My Option is Just in Case, the ONLY Tubular Option for a Real Racing Rim Bike!!! Non-Clincher Rims!
Good Luck!


----------



## luckyfind (Mar 21, 2016)

I'm a big fan of velocity blunts with cream Amsterdam tires. I have a set of Big Ben fat franks that are brick red they ride really nice but are spendy 


Sent from my iPhone using Tapatalk


----------



## American Vintage Bicycle Supply (Mar 21, 2016)

fordmike65 said:


> Running 700x42c/ Velocity Blunt 35's on my Napoleon. Good all-around size for city streets & meaty enough for a lil trail riding too.

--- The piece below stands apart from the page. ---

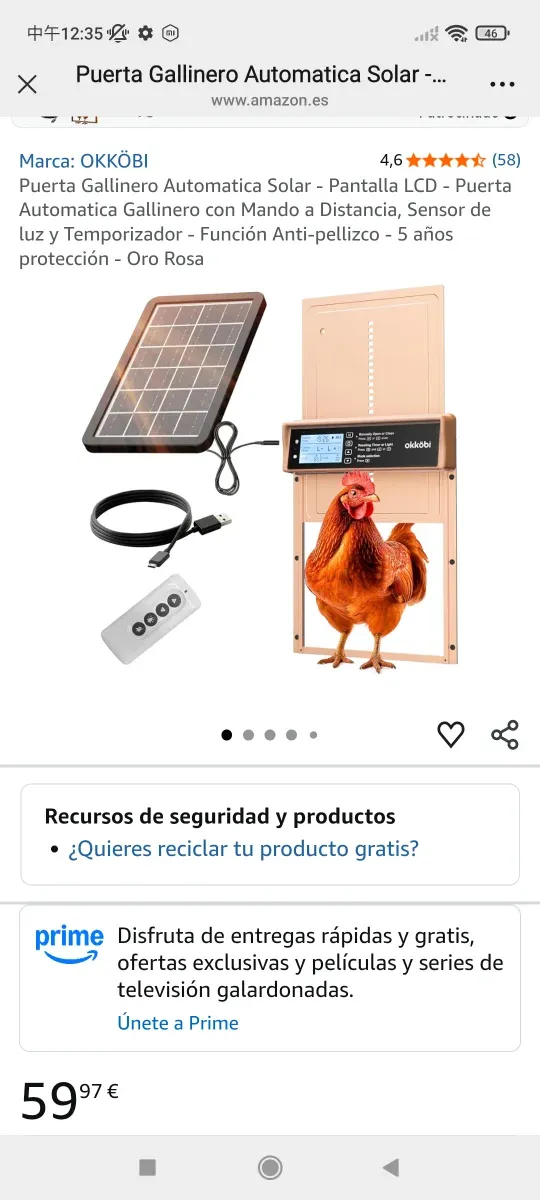 Puerta Gallinero Automática Solar LCD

Need this exact wheel set for my "Model A" Colson Flyer. I've got my old morrow hubs. Where do I buy the rims and tires? 


Sent from my iPhone using Tapatalk


----------



## fordmike65 (Mar 21, 2016)

I think I picked up the wheels off eBay for approx $70 each. Tires are Kendas that I picked since they somewhat mimic button tread motorbike tires. The rims and tires were originally purchased for my 20's Elgin motorbike project, but decided to use then on the Napoleon since it was closer to being roadworthy.

http://www.amazon.com/gp/aw/d/B00BN...y+blunt+35&dpPl=1&dpID=31anoeM6ftL&ref=plSrch

http://www.amazon.com/Kenda-K184-Urban-Tire-Black/dp/B0043MSA8U


----------



## locomotion (Mar 22, 2016)

I think everyone is running 700 tires on their riders, those 700x42c/ Velocity Blunt 35's on FordMike65's bike look awesome .... wow
are you looking for clinchers of single tubes?
I personally would try to find 28" wood clinchers from a canadian bike or buy the very beautiful 28" wood clinchers made in PA from the Amish community
or if you want single tube tires to put on a show bike, I personally only buy the knobbies from universal.com in PA, they are the best looking show tires, they look like most original tires, better that those RD tires
just my opinion


----------



## RustyHornet (Apr 30, 2016)

Well I made the jump to 700s, not on the first bike in the thread though...

1928 Electric. eBay 700 wheelset with SC2 rear hub. Tires are Kenda 42's.


----------



## CrazyDave (Apr 30, 2016)

I just went through this for a rim set for a 35 colson....On some good advice and research I picked up a set of Velocity Chukker hoops.  They don't look too vintage, but they are durable, wide and look awesome IMHO.  They take presta valves, but they can easily be drilled out for shraders


----------



## Junkhunter (Apr 30, 2016)

I run them on my Elgin. Love em....


----------



## CrazyDave (Apr 30, 2016)

Sweet ride Junk Hunter!  I rock the Deep V's on my fixie and love em, so they seemed like a logical choice, plus their made in Michigan like me!  Good to hear you love your chukkers, I haven't laced them up yet...


----------



## Kato (Nov 2, 2016)

Junkhunter said:


> I run them on my Elgin. Love em....View attachment 311162




What brand tire and size are those on the Elgin........fit OK with the fenders on ??
Those look great and I'm looking for something for my 29-30 Elgin Cardinal.

Thanks!!!


----------



## tryder (Nov 2, 2016)

Bike with 26ers.




Weinmann aluminum concave 700s


[/QUOTE]

Kenda Komforts look and work good


----------



## fordmike65 (Nov 2, 2016)

Kato said:


> What brand tire and size are those on the Elgin........fit OK with the fenders on ??
> Those look great and I'm looking for something for my 29-30 Elgin Cardinal.
> 
> Thanks!!!




They look like Schwalbe Little Big Bens. Same tires I run on my Adlake


----------



## Brian R. (Nov 3, 2016)

I must be missing something as I don't understand the question. All my non-balloon tire bikes can take 700C tires. Here is my 1896 Speed Queen on Electra Amsterdam 700x40C. If you're not using 700C size rims, what size are your rims?


----------